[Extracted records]
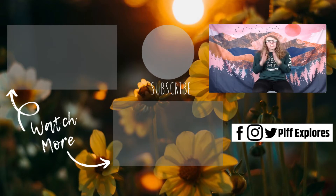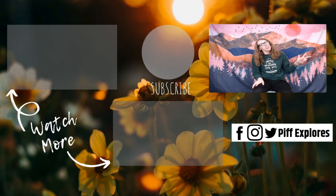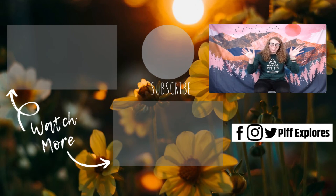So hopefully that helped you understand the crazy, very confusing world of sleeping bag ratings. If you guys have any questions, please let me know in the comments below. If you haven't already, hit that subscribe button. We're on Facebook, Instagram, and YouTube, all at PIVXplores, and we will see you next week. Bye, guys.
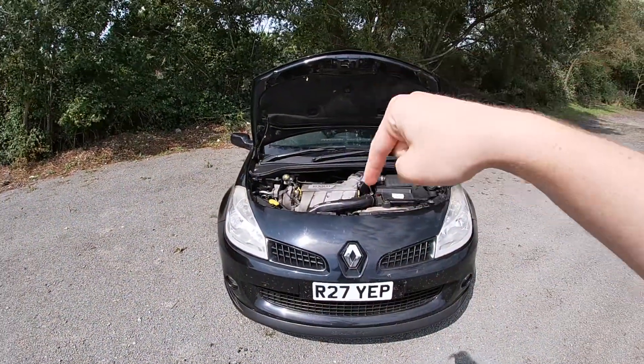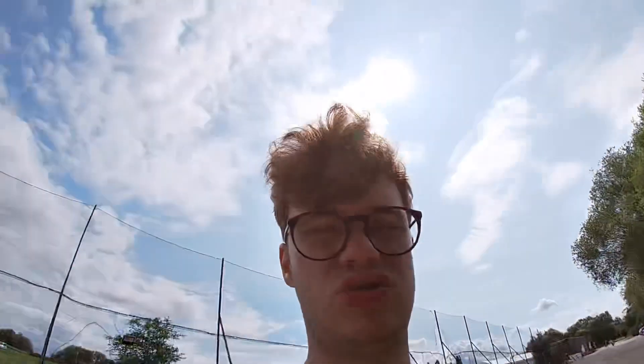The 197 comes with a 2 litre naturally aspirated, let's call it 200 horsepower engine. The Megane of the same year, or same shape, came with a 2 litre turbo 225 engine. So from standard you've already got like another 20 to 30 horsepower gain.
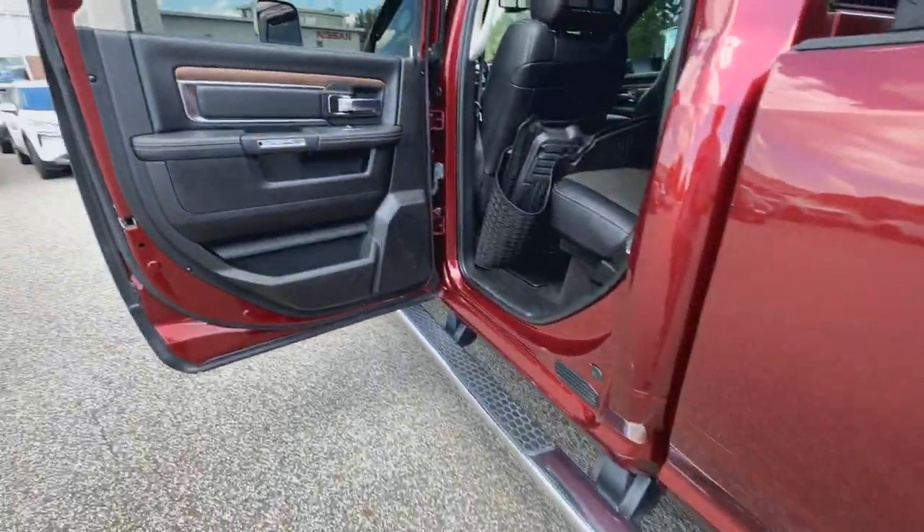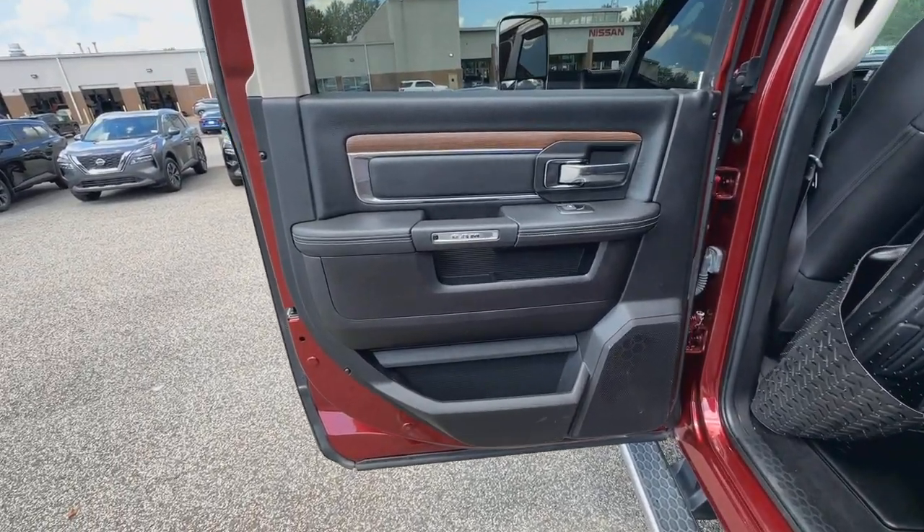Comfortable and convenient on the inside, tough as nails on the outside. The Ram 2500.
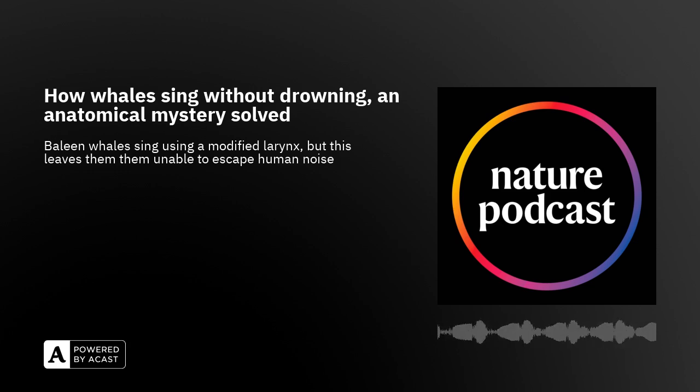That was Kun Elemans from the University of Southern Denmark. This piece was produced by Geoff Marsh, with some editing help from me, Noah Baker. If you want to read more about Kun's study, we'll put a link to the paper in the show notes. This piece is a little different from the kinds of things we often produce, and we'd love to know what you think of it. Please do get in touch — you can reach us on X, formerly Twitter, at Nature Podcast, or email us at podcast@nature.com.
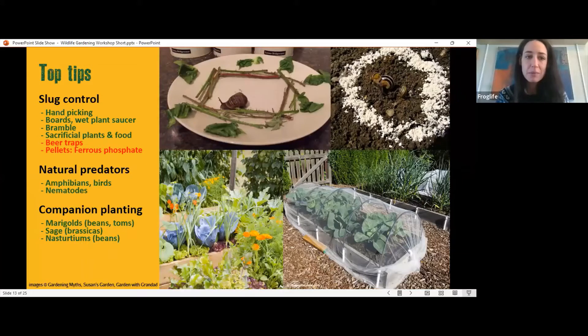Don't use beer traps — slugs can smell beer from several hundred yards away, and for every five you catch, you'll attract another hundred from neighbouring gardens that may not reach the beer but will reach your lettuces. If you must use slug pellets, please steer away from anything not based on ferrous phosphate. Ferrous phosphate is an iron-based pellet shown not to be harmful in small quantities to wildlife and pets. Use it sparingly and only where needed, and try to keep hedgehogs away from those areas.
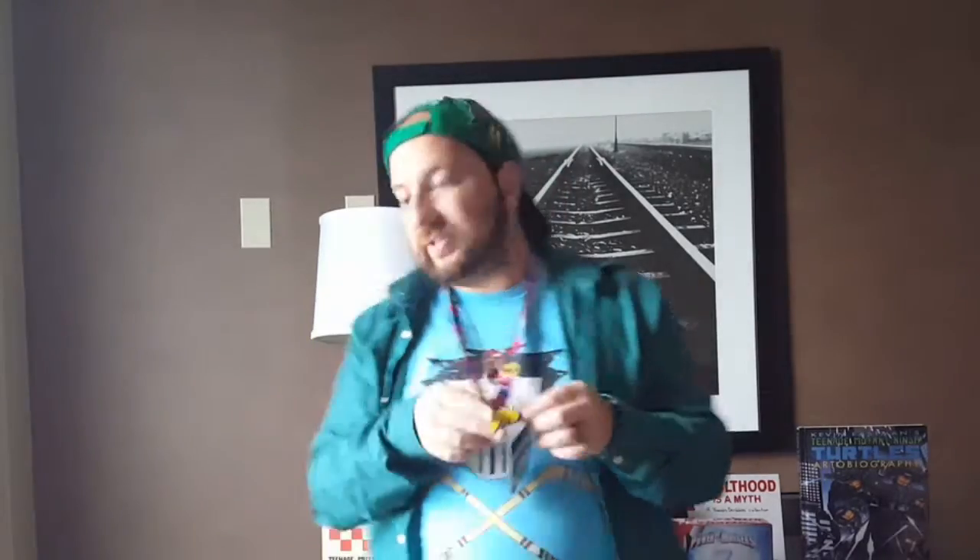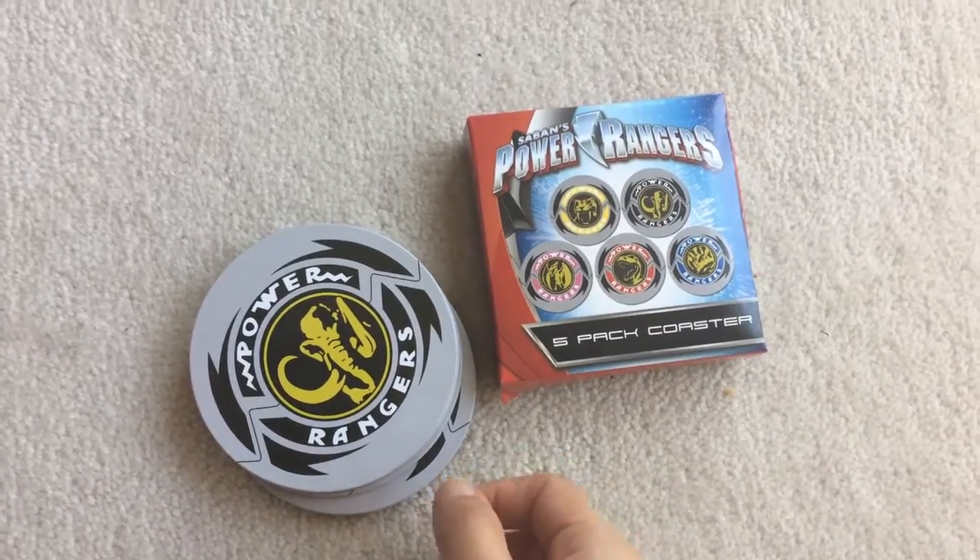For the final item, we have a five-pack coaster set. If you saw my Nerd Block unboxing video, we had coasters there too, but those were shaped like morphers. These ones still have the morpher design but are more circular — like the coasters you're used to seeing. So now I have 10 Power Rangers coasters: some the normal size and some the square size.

◆ Work to complete: Output the records above as they stand, from the first line to the line with "Comfortable and convenient", inclusive, and exclude the pictures.

◆ Response area:
So hopefully that helped you understand the crazy, very confusing world of sleeping bag ratings. If you guys have any questions, please let me know in the comments below. If you haven't already, hit that subscribe button. We're on Facebook, Instagram, and YouTube, all at PIVXplores, and we will see you next week. Bye, guys.
The 197 comes with a 2 litre naturally aspirated, let's call it 200 horsepower engine. The Megane of the same year, or same shape, came with a 2 litre turbo 225 engine. So from standard you've already got like another 20 to 30 horsepower gain.
Comfortable and convenient on the inside, tough as nails on the outside. The Ram 2500.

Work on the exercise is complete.